The Navy’s U.S. 7th Fleet commander Vice Adm. Karl Thomas is now conducting a review of the findings to determine whether any additional accountability measures will be taken, U.S. Naval Institute News reported.
“The investigation determined USS Connecticut grounded on an uncharted seamount while operating in international waters in the Indo-Pacific region,” 7th Fleet spokesperson Cmdr. Hayley Sims said in a statement. Vice Adm. Thomas “will determine whether follow-on actions, including accountability, are appropriate.”
Eleven of the nearly 140 sailors on board the USS Connecticut were injured in the collision. The majority of the injuries were minor. Two of the sailors sustained “moderate” injuries.
The incident, which happened on Oct. 2 amid heightened tensions between China and Taiwan, was not reported by the Navy until days later as the submarine transited to Guam where it is undergoing initial repairs.

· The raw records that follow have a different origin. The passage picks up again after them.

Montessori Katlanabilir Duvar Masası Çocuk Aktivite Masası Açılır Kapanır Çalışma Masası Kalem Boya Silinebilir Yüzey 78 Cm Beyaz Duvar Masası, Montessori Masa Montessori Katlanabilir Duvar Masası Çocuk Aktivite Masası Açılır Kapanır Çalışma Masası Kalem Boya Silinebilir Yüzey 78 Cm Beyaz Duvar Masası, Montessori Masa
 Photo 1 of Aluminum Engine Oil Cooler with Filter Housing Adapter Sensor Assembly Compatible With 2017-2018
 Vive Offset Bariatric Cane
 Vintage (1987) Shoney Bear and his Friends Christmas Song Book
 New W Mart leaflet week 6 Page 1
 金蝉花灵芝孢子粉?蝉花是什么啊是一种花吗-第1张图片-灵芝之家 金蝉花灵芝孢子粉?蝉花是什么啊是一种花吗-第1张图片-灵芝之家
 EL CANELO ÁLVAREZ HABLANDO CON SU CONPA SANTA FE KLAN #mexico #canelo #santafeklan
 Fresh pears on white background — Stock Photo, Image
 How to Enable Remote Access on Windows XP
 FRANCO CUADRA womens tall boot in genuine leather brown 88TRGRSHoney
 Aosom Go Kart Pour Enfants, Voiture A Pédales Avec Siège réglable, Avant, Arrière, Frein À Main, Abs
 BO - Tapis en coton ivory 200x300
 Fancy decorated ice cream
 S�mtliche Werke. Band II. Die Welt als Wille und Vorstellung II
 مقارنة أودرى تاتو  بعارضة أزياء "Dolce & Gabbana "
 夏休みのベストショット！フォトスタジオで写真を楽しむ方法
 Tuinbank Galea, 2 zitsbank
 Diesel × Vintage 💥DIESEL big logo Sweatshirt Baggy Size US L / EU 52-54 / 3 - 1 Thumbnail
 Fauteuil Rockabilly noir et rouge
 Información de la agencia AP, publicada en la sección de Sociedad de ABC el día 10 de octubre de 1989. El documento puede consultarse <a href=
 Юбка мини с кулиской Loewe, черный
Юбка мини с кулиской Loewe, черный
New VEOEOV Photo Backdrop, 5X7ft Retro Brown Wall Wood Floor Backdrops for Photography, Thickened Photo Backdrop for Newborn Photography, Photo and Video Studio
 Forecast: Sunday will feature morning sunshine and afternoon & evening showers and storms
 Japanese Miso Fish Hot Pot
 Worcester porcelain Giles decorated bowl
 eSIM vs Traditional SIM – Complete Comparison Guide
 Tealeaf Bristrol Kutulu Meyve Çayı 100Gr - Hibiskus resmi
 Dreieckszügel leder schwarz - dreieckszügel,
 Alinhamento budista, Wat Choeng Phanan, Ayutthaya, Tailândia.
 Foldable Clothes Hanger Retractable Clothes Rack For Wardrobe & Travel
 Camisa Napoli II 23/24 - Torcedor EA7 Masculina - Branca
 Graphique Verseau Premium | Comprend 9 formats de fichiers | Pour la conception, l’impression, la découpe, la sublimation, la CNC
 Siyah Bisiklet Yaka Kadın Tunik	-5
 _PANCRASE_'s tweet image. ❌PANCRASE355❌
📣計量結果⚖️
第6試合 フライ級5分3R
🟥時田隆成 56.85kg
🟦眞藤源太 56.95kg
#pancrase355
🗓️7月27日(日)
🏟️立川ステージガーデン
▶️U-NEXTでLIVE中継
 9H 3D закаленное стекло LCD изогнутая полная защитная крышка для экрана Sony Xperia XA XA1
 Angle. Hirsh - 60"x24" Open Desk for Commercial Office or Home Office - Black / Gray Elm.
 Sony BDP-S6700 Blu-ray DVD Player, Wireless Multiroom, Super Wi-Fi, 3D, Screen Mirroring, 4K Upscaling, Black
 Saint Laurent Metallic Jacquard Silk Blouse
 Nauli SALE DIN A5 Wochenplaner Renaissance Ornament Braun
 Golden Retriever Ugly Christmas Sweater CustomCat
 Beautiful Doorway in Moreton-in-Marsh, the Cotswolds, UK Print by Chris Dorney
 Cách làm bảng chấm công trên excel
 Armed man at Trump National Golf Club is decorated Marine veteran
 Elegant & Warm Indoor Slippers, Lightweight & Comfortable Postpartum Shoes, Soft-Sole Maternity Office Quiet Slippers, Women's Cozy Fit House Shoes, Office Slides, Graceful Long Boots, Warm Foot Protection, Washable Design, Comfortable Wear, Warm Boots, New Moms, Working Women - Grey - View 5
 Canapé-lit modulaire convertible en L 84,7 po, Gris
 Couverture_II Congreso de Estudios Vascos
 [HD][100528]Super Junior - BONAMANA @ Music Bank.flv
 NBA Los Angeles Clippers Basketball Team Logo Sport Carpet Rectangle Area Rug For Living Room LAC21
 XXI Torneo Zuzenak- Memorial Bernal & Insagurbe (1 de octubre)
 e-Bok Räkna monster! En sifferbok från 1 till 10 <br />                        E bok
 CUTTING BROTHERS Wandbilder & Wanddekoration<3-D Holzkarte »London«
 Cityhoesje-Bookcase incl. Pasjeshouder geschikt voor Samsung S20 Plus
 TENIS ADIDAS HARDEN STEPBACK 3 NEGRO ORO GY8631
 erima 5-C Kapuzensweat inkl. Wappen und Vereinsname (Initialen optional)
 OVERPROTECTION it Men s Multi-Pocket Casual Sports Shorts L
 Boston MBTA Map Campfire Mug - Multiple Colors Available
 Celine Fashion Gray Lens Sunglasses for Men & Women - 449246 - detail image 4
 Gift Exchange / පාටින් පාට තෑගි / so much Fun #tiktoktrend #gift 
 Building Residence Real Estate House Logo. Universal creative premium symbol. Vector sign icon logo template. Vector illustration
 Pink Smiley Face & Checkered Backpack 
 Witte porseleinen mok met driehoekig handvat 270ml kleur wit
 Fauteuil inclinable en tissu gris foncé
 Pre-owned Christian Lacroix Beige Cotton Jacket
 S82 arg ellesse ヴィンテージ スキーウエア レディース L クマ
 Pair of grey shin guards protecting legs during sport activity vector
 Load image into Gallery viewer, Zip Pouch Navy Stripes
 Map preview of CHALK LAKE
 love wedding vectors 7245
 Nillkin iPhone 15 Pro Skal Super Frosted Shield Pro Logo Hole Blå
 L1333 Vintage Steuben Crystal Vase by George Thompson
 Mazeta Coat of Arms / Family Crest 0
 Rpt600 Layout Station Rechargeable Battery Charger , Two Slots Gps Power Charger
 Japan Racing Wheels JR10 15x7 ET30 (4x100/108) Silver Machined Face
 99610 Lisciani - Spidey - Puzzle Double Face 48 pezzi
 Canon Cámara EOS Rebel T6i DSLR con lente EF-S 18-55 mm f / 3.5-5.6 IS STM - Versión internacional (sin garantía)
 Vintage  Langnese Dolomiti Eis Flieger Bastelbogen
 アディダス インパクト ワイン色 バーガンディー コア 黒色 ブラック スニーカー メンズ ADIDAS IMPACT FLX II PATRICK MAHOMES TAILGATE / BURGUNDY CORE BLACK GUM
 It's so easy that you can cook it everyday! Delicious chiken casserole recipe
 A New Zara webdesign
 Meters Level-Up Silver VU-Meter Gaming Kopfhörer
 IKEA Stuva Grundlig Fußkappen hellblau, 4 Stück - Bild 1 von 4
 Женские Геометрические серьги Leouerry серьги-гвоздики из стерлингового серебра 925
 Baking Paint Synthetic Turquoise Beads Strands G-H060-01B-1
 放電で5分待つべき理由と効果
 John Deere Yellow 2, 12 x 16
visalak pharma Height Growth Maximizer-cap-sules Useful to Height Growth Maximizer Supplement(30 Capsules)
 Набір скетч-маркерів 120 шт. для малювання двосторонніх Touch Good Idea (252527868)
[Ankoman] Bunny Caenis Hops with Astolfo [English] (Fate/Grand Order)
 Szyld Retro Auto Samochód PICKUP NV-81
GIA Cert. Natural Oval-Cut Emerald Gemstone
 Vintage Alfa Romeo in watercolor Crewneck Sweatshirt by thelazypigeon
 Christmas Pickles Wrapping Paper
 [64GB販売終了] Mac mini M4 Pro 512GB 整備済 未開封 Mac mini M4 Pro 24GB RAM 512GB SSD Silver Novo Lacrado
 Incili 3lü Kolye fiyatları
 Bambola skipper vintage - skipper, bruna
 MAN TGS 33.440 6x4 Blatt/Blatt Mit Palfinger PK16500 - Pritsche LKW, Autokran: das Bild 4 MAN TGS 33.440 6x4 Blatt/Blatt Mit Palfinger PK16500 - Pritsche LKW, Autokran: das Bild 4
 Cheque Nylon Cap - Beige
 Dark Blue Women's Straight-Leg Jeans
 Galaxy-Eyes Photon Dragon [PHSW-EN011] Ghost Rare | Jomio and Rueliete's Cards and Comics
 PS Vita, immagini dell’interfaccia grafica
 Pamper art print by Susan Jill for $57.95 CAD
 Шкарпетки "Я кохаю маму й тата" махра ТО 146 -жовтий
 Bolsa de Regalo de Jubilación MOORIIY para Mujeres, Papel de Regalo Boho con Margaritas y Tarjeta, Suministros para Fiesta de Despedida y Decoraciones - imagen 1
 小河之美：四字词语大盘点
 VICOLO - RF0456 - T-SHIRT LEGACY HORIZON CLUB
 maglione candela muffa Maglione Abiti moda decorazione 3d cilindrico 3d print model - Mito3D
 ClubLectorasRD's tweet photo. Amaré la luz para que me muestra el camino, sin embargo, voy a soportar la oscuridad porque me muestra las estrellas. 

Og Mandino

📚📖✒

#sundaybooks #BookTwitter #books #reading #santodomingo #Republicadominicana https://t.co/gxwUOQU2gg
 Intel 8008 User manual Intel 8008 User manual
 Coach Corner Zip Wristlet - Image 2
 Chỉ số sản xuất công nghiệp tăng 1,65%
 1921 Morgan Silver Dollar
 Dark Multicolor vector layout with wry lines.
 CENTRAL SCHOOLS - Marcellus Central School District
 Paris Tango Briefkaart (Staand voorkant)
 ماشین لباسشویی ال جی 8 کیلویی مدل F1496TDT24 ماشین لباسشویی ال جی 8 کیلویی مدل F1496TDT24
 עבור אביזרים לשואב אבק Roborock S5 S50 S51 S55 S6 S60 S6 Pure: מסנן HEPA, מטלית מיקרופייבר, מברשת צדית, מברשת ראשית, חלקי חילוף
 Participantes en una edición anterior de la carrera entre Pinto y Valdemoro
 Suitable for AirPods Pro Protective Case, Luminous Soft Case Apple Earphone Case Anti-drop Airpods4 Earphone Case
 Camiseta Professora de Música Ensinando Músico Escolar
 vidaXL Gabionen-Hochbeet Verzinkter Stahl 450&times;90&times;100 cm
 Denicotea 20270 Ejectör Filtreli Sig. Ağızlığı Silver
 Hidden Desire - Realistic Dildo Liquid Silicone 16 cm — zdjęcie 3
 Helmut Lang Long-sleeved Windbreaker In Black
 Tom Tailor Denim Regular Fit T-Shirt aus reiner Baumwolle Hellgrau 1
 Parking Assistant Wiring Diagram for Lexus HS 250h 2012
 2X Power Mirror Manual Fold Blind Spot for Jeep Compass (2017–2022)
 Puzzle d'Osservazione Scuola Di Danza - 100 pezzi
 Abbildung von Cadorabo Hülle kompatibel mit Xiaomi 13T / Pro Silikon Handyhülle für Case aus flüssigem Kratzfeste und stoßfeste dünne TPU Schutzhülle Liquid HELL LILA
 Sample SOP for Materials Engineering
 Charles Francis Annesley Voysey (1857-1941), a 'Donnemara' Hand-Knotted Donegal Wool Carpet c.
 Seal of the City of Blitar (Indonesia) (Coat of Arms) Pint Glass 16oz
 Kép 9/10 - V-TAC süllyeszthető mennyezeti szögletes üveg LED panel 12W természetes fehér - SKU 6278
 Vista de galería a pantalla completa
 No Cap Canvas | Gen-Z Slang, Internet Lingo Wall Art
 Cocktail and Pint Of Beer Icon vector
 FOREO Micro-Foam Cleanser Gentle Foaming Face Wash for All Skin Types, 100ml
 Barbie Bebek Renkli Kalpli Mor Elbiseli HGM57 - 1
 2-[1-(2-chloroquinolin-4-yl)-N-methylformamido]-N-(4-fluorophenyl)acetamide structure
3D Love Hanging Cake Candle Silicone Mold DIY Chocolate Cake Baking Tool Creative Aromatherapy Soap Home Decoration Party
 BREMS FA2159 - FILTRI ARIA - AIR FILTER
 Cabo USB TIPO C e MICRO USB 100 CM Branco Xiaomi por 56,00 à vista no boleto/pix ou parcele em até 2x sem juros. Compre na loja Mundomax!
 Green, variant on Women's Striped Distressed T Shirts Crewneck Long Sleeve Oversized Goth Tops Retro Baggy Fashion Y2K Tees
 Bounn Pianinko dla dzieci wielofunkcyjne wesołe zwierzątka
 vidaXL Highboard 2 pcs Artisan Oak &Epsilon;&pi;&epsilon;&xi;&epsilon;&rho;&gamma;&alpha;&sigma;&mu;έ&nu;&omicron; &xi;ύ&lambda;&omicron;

The Chinese government, which has clashed with the U.S. and its allies over competing sovereignty claims in the heavily trafficked waterway, have launched a concerted propaganda campaign over the sub incident.
Chinese Foreign Ministry spokesman Wang Wenbin on Tuesday again accused the U.S. of a “lack of transparency and responsibility” regarding the incident, which reignited tensions between the U.S. and China over operations in the South China Sea.
“We once again urge the U.S. to give a detailed account of the accident,” Mr. Wang said.
Speaking before the U.S. Navy statement was released, Mr. Wang said the U.S. had not provided details as to the “specific location of the accident” and has not offered “clear explanation” of what the submarine was doing in the area.
“The key is that the US military should stop sending warships and warplanes everywhere, showing its military muscles and violating other countries’ security. If not, this kind of accident will only take place more often,” Mr. Wang said.
The U.S. has long contested China’s claims of sovereignty in the South China Sea and insists international freedom of navigation norms be maintained in the region.
China’s state-controlled Global Times also piled on Tuesday fueling speculation that the collision could have resulted in “nuclear leakage,” and said the “root of the accident” was America’s “long-term presence in the South China Sea that stirs up trouble in the region.”
The vessel’s nuclear reactor and propulsion systems were not damaged in the collision, according to USNI News. But damage to the ballast tanks on the forward section of the submarine forced the crew to transit from the South China Sea to Guam on the surface.
The Navy is still determining the extent of final repairs needed for the submarine, which is home-ported at Naval Base Kitsap-Bremerton near Seattle.